I am off next week for my show in New York.  I am also busy making tea lights for Glassy Baby.
Preparing for the Ladies who Launch show in December and my booth at the Rainier Club on Tuesday!  It has been a very busy month and I am so sorry I have not written more. 
Tomorrow I pick up another 100 pounds of wax and more essential oils.  Candle making is quickly becoming the thing I truly love in life.  I can be at my studio for 10 or more hours and be so calm and peaceful when I leave all thanks to my love of candle making.   I feel so passionate about it.  It's like falling in love with your soul mate.  No matter how cranky I am when I get to the studio, by the time I leave, I am calm and settled. 

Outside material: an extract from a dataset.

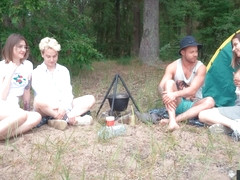 Swap Wives, Mutual Rimming And Anal Fuck In The Forest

My other passion in life right now is Rick Bass and his book Winter : Notes from Montana.  I keep rereading passages of this book and then taking long walks at Discovery Park to think about what I read.  He really is a beautiful writer and his books have me longing to move to Montana or Mississippi to experience a tiny piece of his world.  Actually, on my road trip I took this summer with my friend Jeff, we did go near Rick Bass in Montana.  Jeff and I decided to drive back from Great Falls, Montana where my family lives to Seattle on Highway 2.  We had dinner in a town called Libby, Montana after swimming in the most beautiful Glacier Swimming hole I had ever seen.  So in September on a day when it was almost snowing at Glacier, Jeff and I jumped into the water in front of 10 people that all gasped when I jumped in.  After 20 minutes we put on our most warm and cozy clothing and kept on driving. 
What I did not know at the time was that Rick Bass wrote about his life an hour or so outside of Libby.  I now wished we could have stayed longer or gone off deeper into the woods to see what Rick Bass saw while writing this book.
But alas, I will just have to use my imagination and think about my next road trip.  I am thinking Mississippi in January.